Reputation: 43
I'm trying to read a unstructured csv file using pandas read_csv()
. The problem is some of the files have rows with extra columns as shown below in the sample input.
sample input:
col0,col1,col2
a,b,c
a,b,c,d
a,b,c
a,b,c,d
While handling these kind of files the program throws some ParseError
ParserError: Error tokenizing data. C error: Expected 3 fields in line 3, saw 4
sample output :
col0 | col1 | col2 | col3
a | b | c | NaN
a | b | c | d
a | b | c | NaN
a | b | c | d
I don't want to ignore the lines with error_bad_lines = False
parameter in pandas read_csv()
.
Any kind of help will be highly appreciated.
Upvotes: 2
Views: 2408
Reputation: 863166
One possible solution is preprocessing first and find max number of separators, and set parameter names
by range
:
path_csv = 'file.csv'
with open(path_csv) as f:
lines = f.readlines()
num = max(l.count(',') for l in lines) + 1
print (num)
4
df = pd.read_csv(path_csv, names=range(num))
print (df)
0 1 2 3
0 col0 col1 col2 NaN
1 a b c NaN
2 a b c d
3 a b c NaN
4 a b c d
Similar if header is not important, so possible remove it:
df = pd.read_csv(path_csv, names=range(num), skiprows=1)
print (df)
0 1 2 3
0 a b c NaN
1 a b c d
2 a b c NaN
3 a b c d
Another more dynamic solution is add values to header:
path_csv = 'file.csv'
with open(path_csv) as f:
lines = f.readlines()
#get header to list
header = [x.strip() for x in lines[0].split(',')]

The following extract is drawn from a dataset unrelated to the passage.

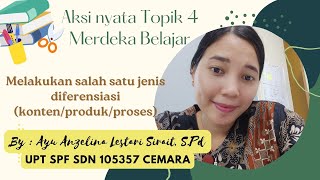 100% LULUS Aksi Nyata Melakukan salah satu jenis diferensiasi (konten/produk/proses)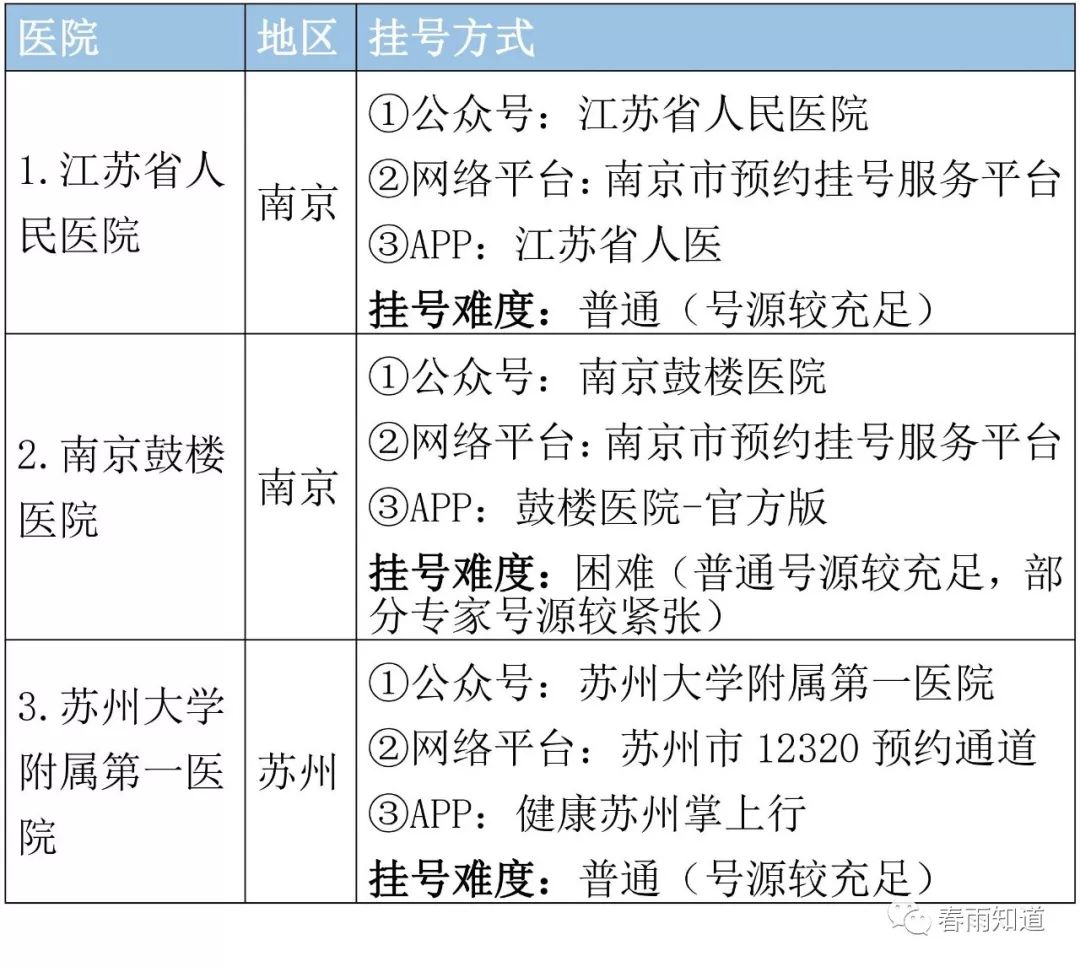 江苏省顶级医院名单专科排名挂号方式都在这里了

#get max number of separator
max_num = max(l.count(',') for l in lines)
#add missing header values by range
if len(header) < max_num + 1:
header = header + list(range(max_num-len(header) + 1))
print (header)
['col0', 'col1', 'col2', 0]
df = pd.read_csv(path_csv, names=header, skiprows=1)
print (df)
col0 col1 col2 0
0 a b c NaN
1 a b c d
2 a b c NaN
3 a b c d
Upvotes: 2